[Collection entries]
——

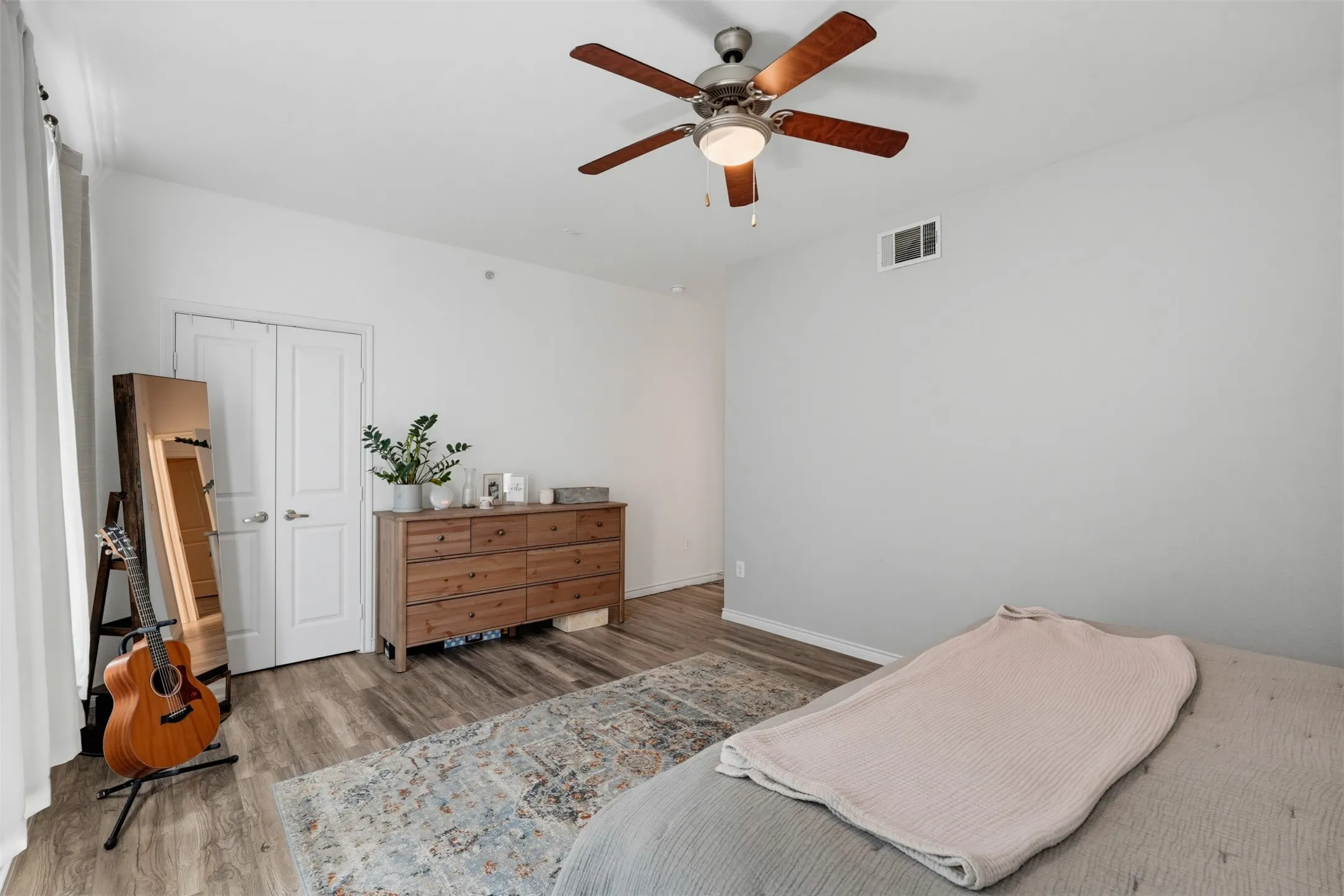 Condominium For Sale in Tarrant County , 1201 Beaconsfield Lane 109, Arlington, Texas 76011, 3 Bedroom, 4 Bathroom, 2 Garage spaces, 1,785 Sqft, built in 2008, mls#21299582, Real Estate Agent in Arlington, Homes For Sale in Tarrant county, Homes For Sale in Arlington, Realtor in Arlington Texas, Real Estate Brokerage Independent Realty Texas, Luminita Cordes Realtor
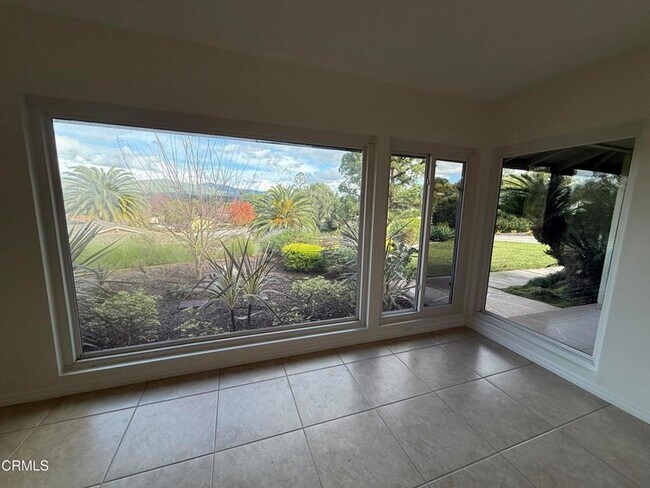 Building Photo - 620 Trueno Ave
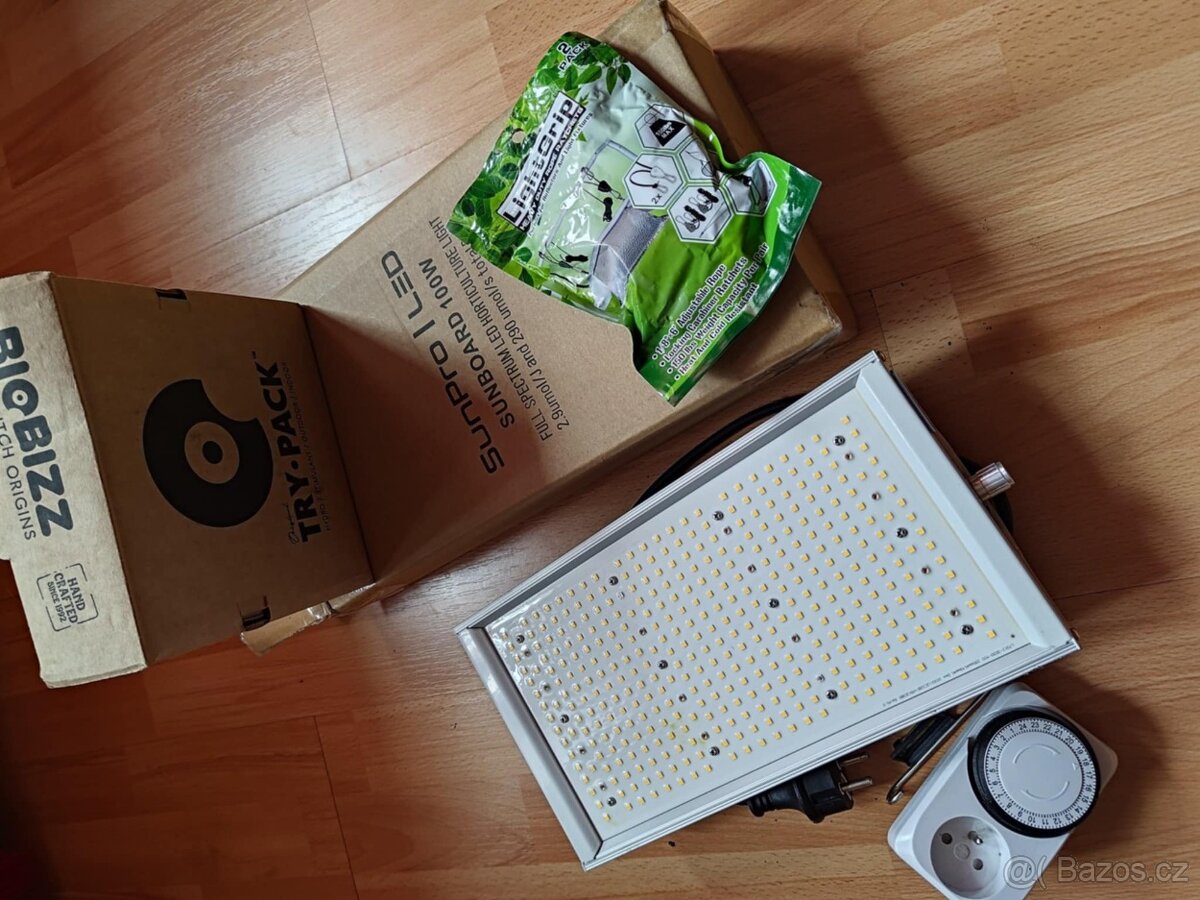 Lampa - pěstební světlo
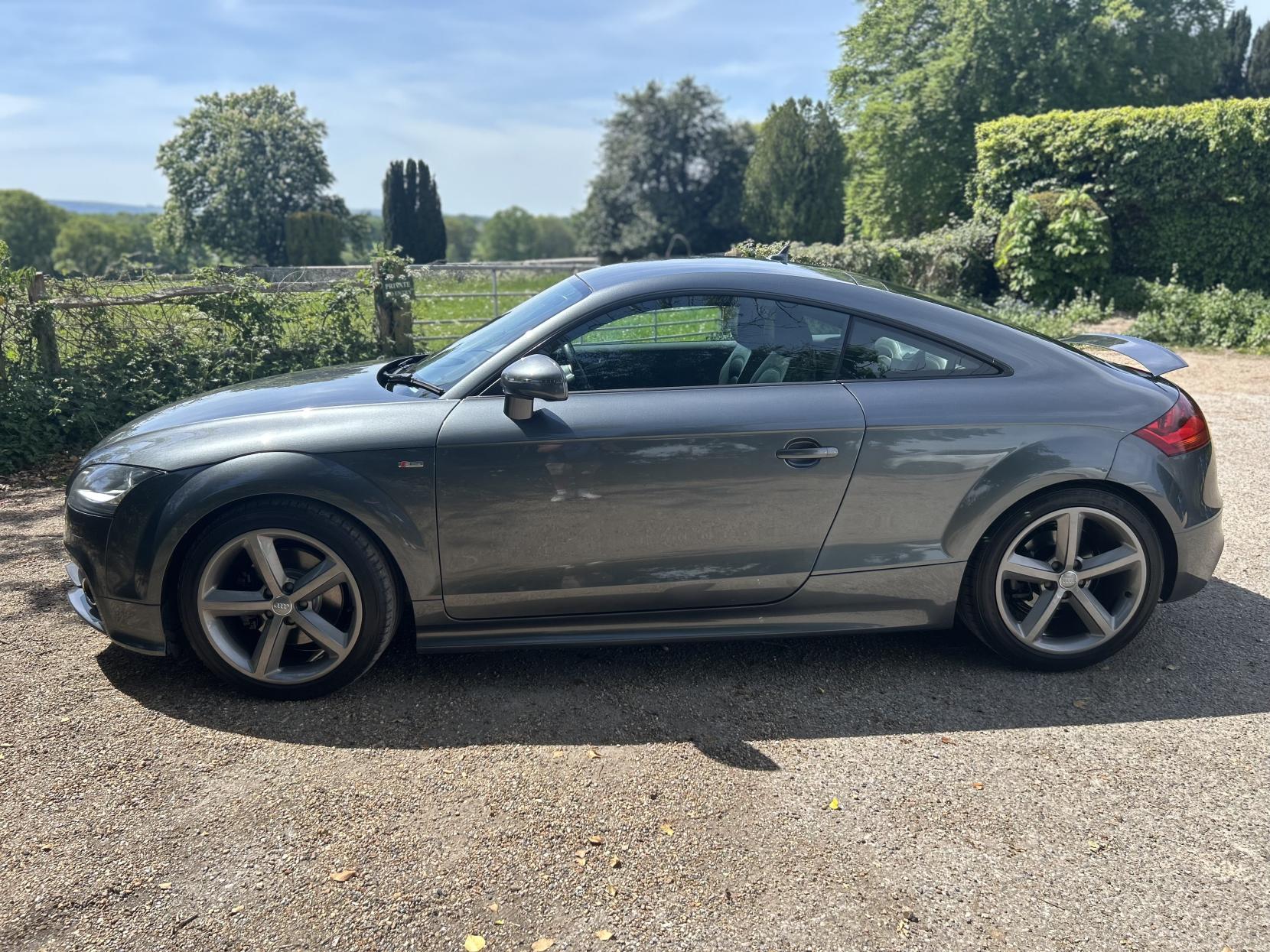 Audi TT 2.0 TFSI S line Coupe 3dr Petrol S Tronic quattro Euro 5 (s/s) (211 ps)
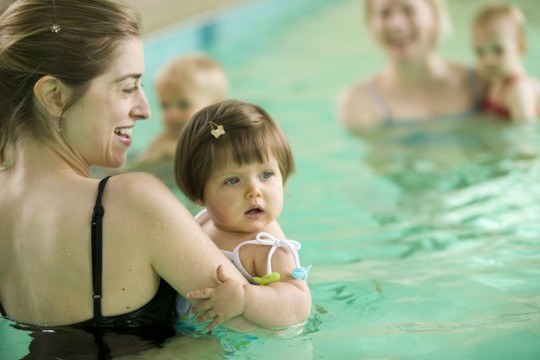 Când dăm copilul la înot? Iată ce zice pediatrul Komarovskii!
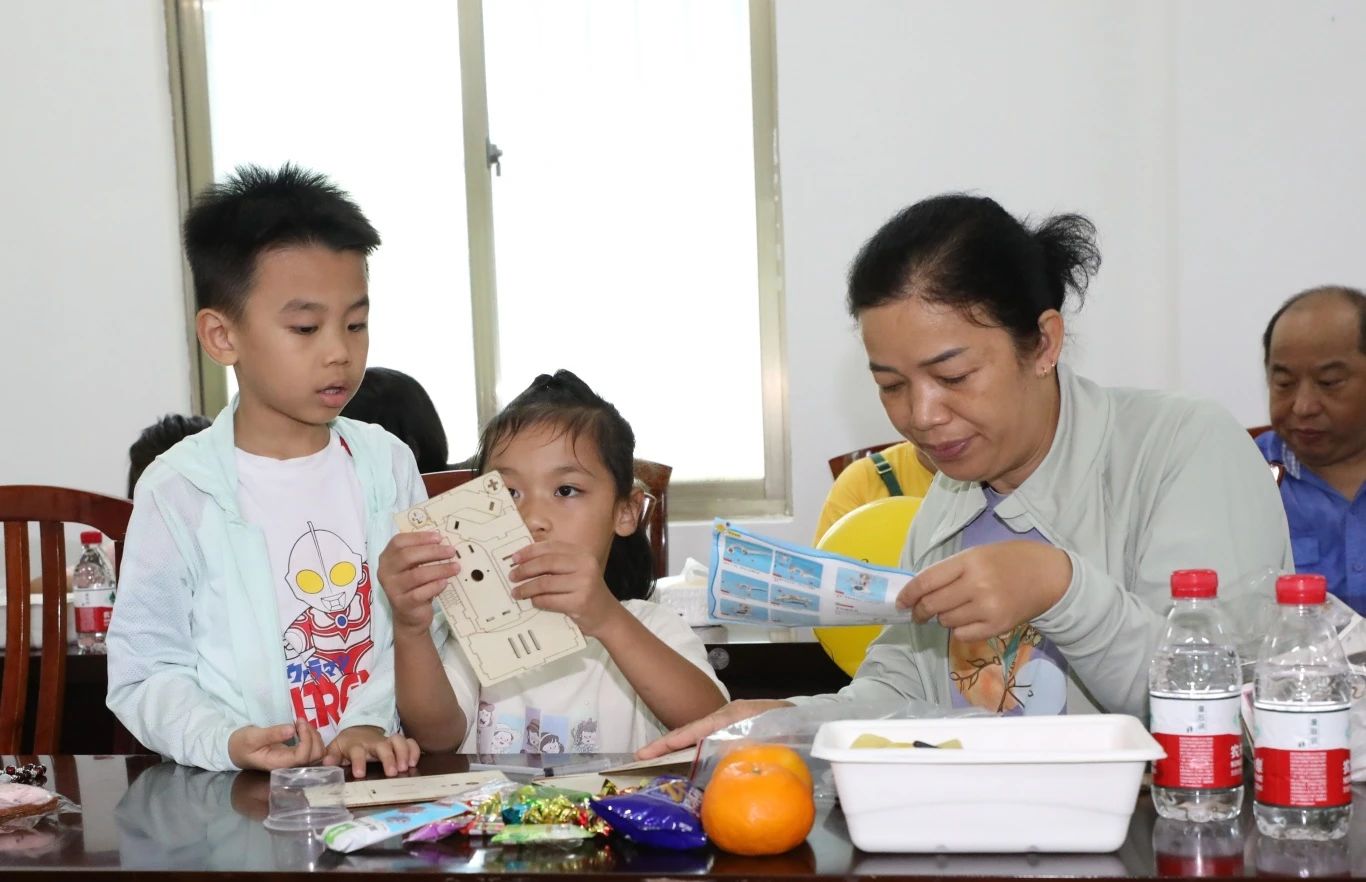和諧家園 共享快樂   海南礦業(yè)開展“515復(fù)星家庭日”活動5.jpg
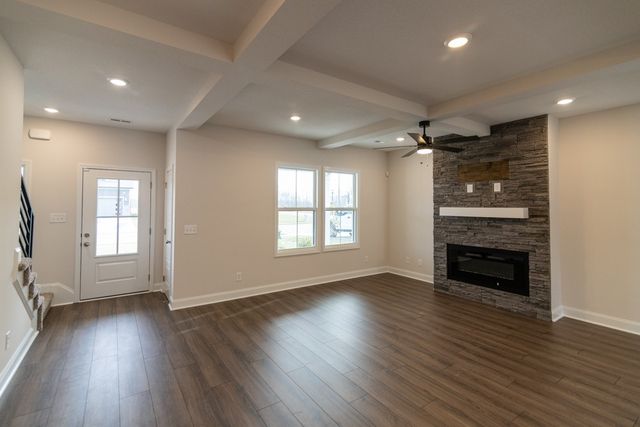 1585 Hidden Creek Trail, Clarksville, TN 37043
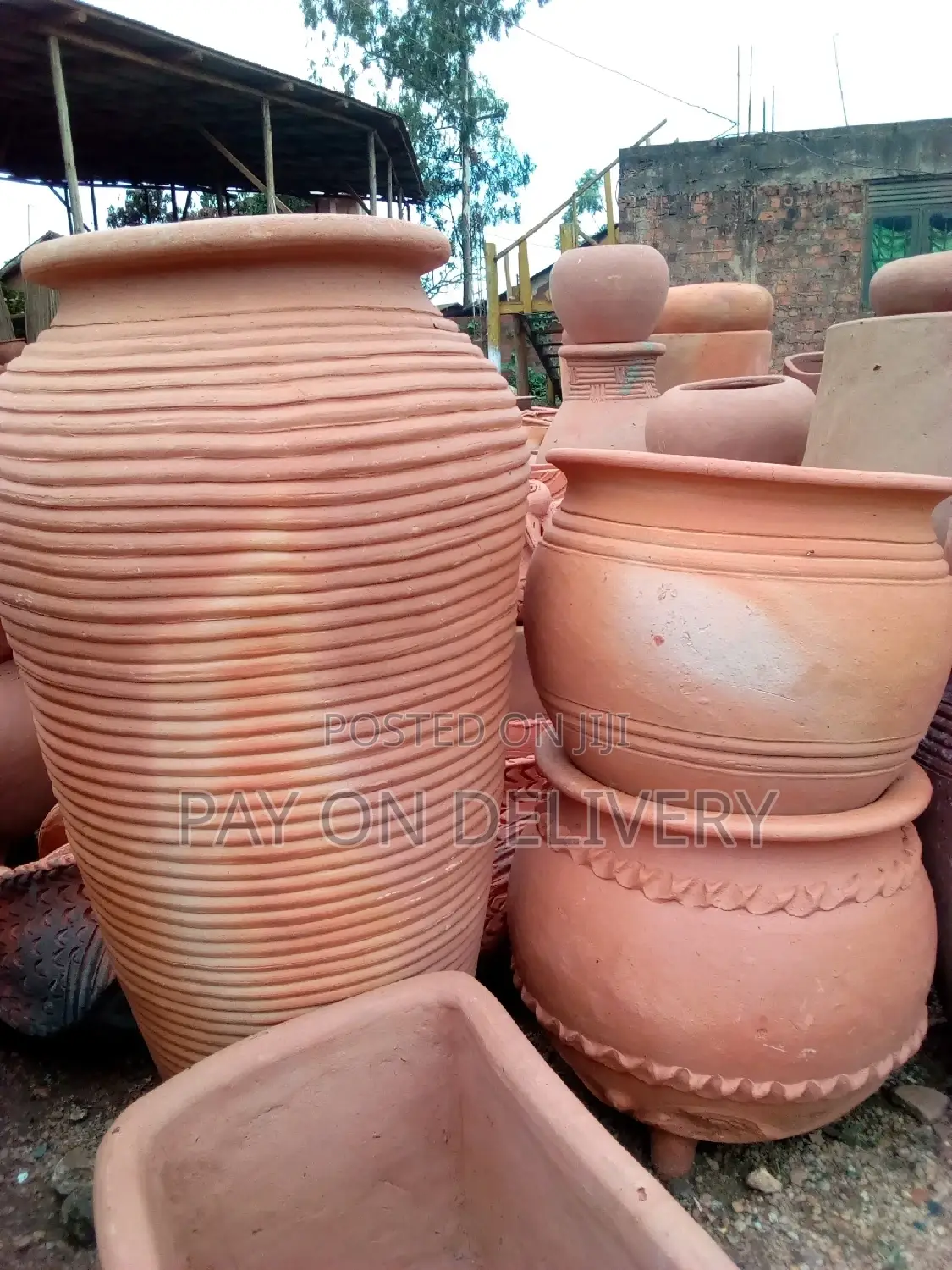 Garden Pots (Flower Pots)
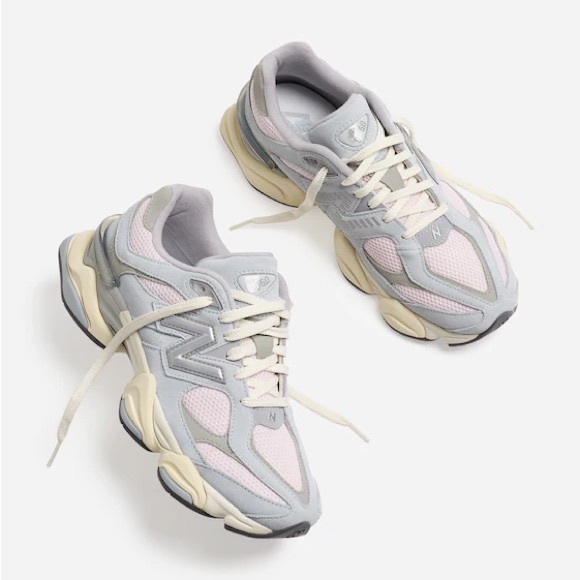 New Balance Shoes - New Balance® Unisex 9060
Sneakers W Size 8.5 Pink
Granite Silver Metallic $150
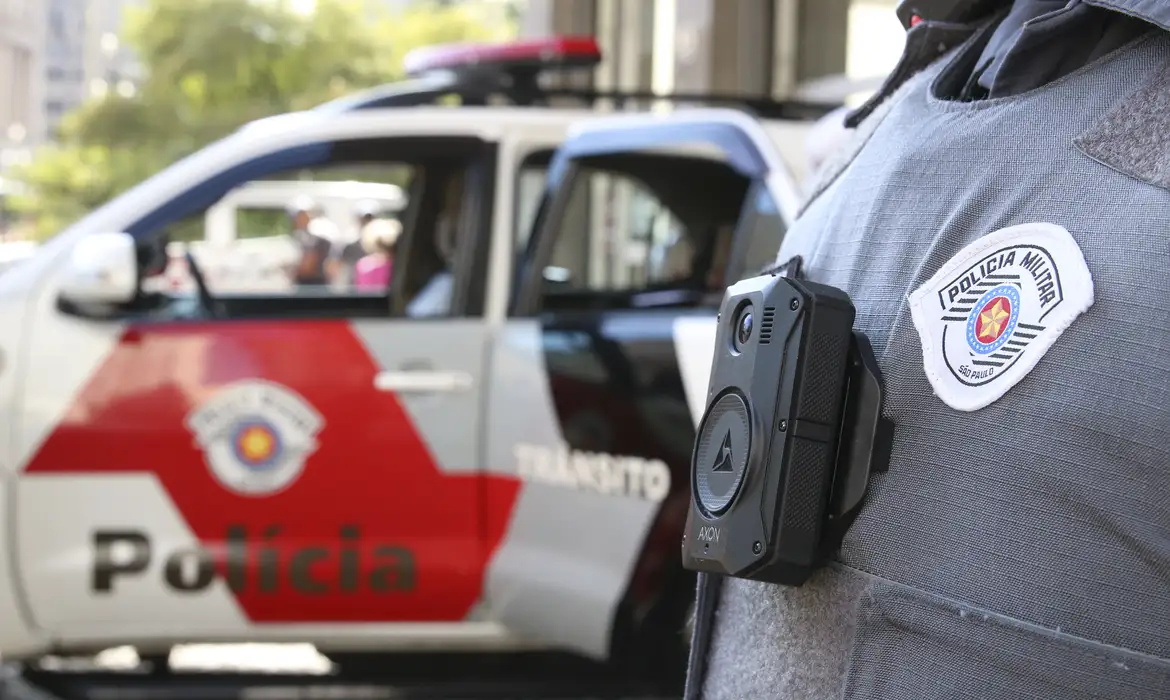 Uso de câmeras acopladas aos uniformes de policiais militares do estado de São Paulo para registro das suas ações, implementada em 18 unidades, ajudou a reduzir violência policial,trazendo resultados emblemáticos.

——

Task details »
Only the lines from the one with "Garden Pots (Flower Pots)" through the final line of the entries above should be transcribed, exactly and without pictures.

Response below »
 Garden Pots (Flower Pots)
 New Balance Shoes - New Balance® Unisex 9060
Sneakers W Size 8.5 Pink
Granite Silver Metallic $150
 Uso de câmeras acopladas aos uniformes de policiais militares do estado de São Paulo para registro das suas ações, implementada em 18 unidades, ajudou a reduzir violência policial,trazendo resultados emblemáticos.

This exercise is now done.